→ **YOUR TASK**:
An exact copy, beginning at the line containing "Netflix-Logo auf einem Smartphone" and ending at the final line of the records that follow, is the answer; it has no pictures and no other text.

* * * * * * * * *

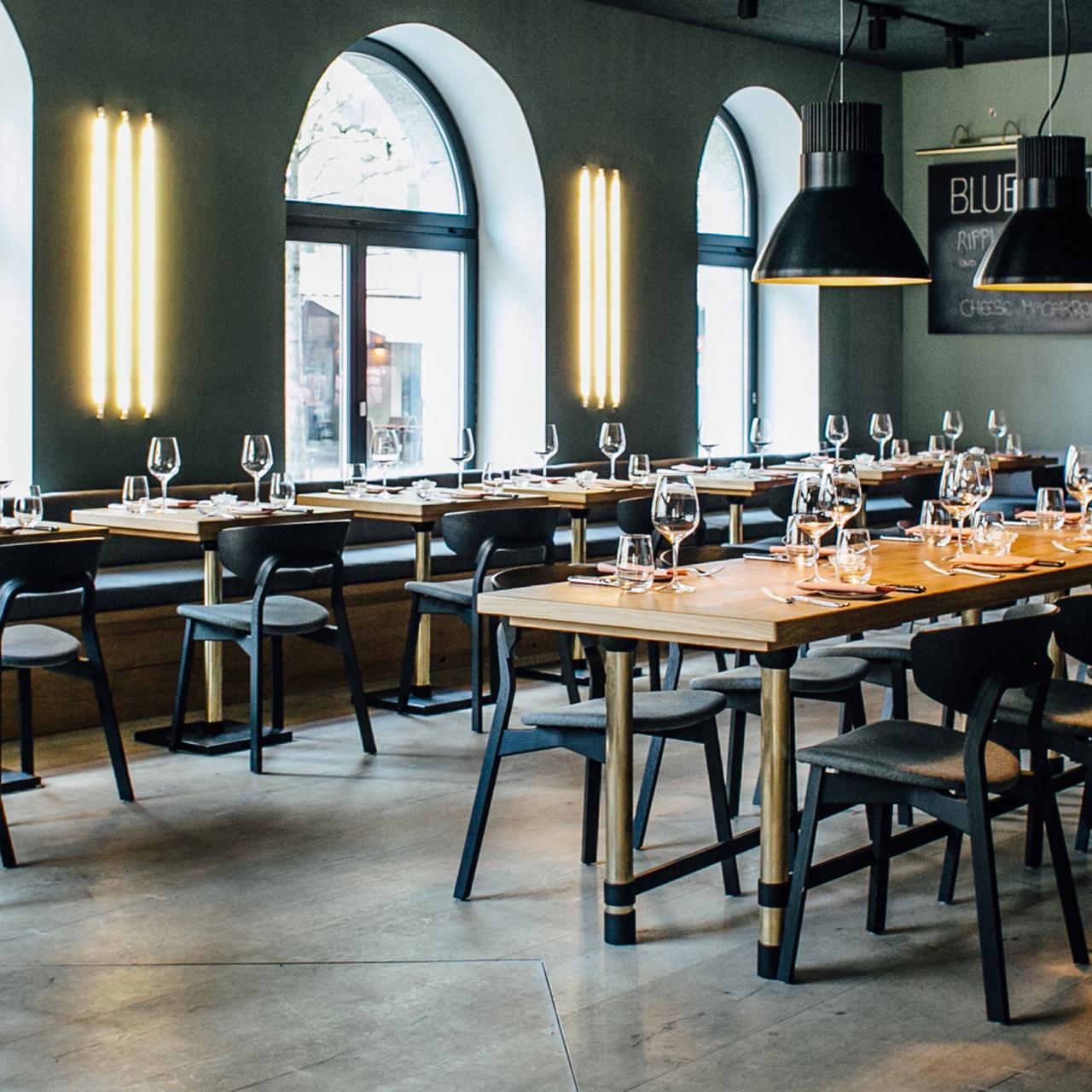 Kreidefarbe grünblau im Restaurant Kreidefarbe grünblau im Restaurant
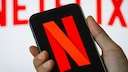 Netflix-Logo auf einem Smartphone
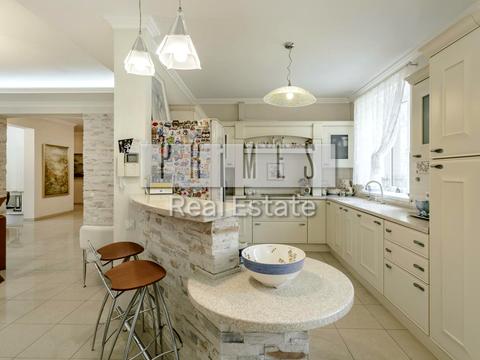 будинок за адресою Шкільна вул.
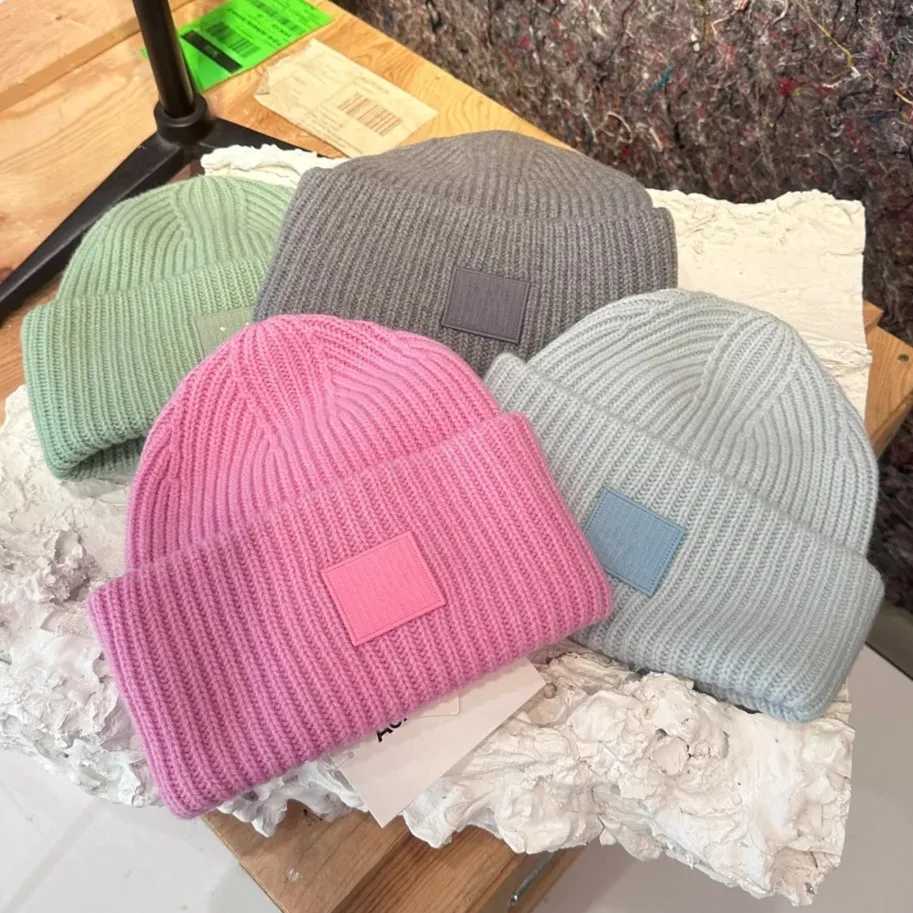 New Woolen Knitted Smile Face C Womens Thiened Autumn Winter Hat Mens Couple Warm Tren Cold Hat Casual Sle High TopXJ250910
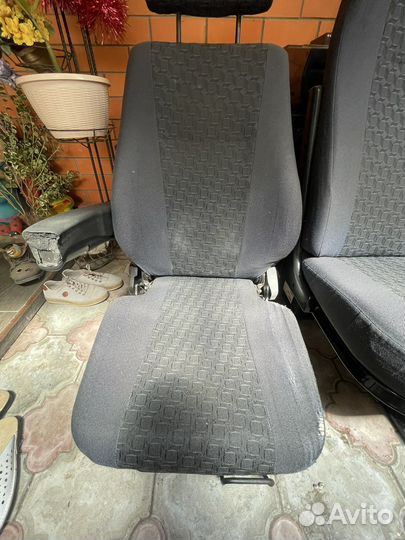 Авто кресло газель нехт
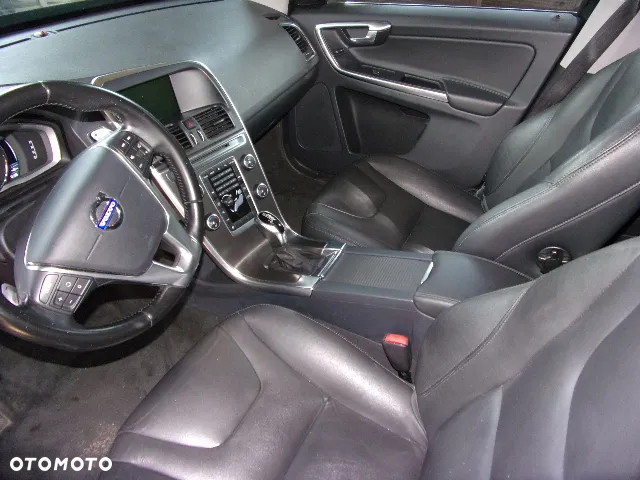 Volvo XC 60 T6 AWD Momentum - 17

* * * * * * * * *

→ **RESPONSE BELOW**:
 Netflix-Logo auf einem Smartphone
 будинок за адресою Шкільна вул.
 New Woolen Knitted Smile Face C Womens Thiened Autumn Winter Hat Mens Couple Warm Tren Cold Hat Casual Sle High TopXJ250910
 Авто кресло газель нехт
 Volvo XC 60 T6 AWD Momentum - 17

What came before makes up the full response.